As she stepped from the paved avenue onto the unfinished dirt path that led up the hill out of town, she turned back to him and opted to continue the questioning. Having failed to find anything of use in the library, she had little else to do for the day. Idleness was something she felt she could no longer afford.

“So, what relation are you to Leonard? You were pleased I killed him, so I take it you weren't friends.”

Before he answered, Avistus seemed to look her over. The object of his search was uncertain, but when he was satisfied at either its presence or absence, he nodded and proceeded with his answer.

“Leonard was a renegade mage from my hometown. He took a very dangerous artifact and fled here. Baronet Mephisto had agreed to assist us in apprehending him and recovering the object. Your killing of him is actually quite the inconvenience to me, but all the same I think it shows a trait of character that I find admirable.”

Visla was absolutely sure she didn't want the man in her house now. There was not a doubt in her mind that the dangerous artifact was the tome sitting open on her kitchen table. She wanted desperately to know what made it so dangerous, but any questions would only make her look more suspicious.

“And what trait is that?”

“Zeal. Baronet Mephisto told me that when you found out he was a demon-binder, you slew him on the spot, even though he offered you aid in overcoming a dread disease. You are a woman of action and resolve. But I do wonder why the object was not found on his corpse.”

Visla couldn't resist smiling. It looked to Avistus as if she were proud of what she did, but in truth she was impressed with Elenore's talent for misdirection. She wondered how many balls the woman had in the air before she left, and how many would come crashing down now that she was gone.

Visla Eraclaire
06-21-10, 12:42 PM
“I have one more question before I take my leave of you. What news did you wish to bring Elenore from the Academy?”

Avistus furrowed his brow as if the question truly confounded him. In truth the answer itself was simple. His mind churned in contemplation of his duties and whether the information Visla requested was properly due to her as Elenore’s successor. The answer arose from a maze of extremely precise distinctions in word and deed, and evidently it was yes.

“They can provide no aid, for they have problems of their own. They are entrapped within the Sovreign’s Domain. Before you ask, I will save you the question. The Domain is a peculiar type of magic that I am particularly familiar with. When invoked by one who is both a ruler and an able spellcaster, it cordons off an area from all intrusion or egress.

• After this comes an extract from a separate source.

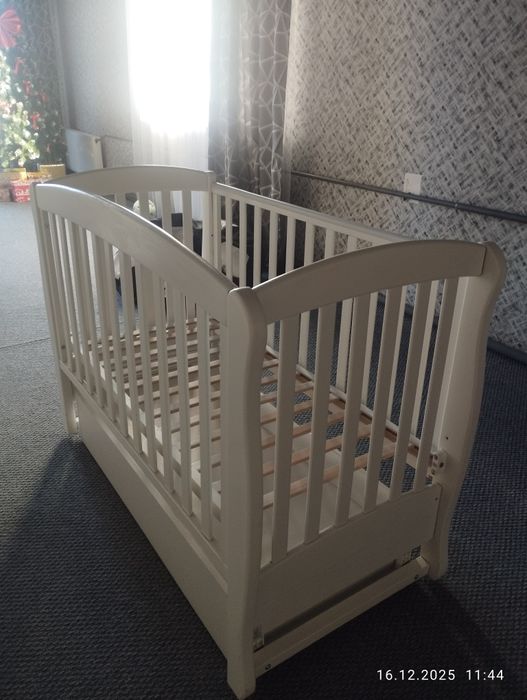 Дитяче ліжечко .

The Domain is inviolate.”

Visla was spared having to ask one question, but she posted another instead.

“Who cast it?”

“Your sister. I instructed her on the methods and provided her the necessary focus. It is a decision I regret, given what she has done with the power. The Academy is now no more than a prison and Estervale is a pit of chaos, but I have no right to reclaim my gift. You, however…”

Visla scowled. She detested being strung along. The cleric may as well have delivered a call-and-response sermon for how well she had been following his direction. This was what he sought all along. The Baronet refused to continue reading from the script.

“I, however, tire of this conversation. You are welcome here for the time being, but make yourself available again at dusk. I will discuss this with you further then.”

Avistus bowed with a sly grin. It didn’t much matter whether Visla saw through him or not. Therein lay the benefit of his unflinching honesty. He would only ever be caught doing things he’d freely admit. Self-interest was no sin to a cleric of the Arch-Fiend.

The two parted ways with Avistus wandering back into town on an unknown errand and Visla ascending the hill to ponder her next course of action.

Visla Eraclaire
06-21-10, 01:17 PM
As the door fell shut behind her, Visla dropped any pretense of poise. Her hands trembled and her face flushed. No one revelation was so devastating that it had shattered her calm, but as the gravity of the situation sank in placidity died the death of a thousand cuts.

She left the house that morning with a single task and no outstanding problems. She returned having accomplished nothing, laden with new troubles. There were too many to even contemplate. In a manner more befitting a prodigal child than a rightful ruler, she focused first on the most trivial.

She hurried to the kitchen and stared down at the tome. It lay open as if awaiting her with the artful script of a human writer replacing its standard printed lettering.

Avistus is weak. He cannot lie.
I fear him still. And he fears me.
Send me away. We will meet again.

The disjointed half-verse was less than comforting for Visla to read. First and foremost she had already deduced as much and the confirmation did her little good. Second and more seriously, it suggested that the book could and would lie. Third and finally, it was followed by a teleportation diagram which Visla was hesitant to copy.

Still, there seemed little other choice and with all the issues she was facing, she was happy to be rid of the thing. It had been an unreliable crutch at best, and she had no need for it any longer. She had more abilities than she could find use for and while there were still a great many things she wanted to know, she had no confidence that its pages would provide any answers. She was, however, quite certain that if Avistus found her in possession of it, his nameless companion would dispassionately dispose of her.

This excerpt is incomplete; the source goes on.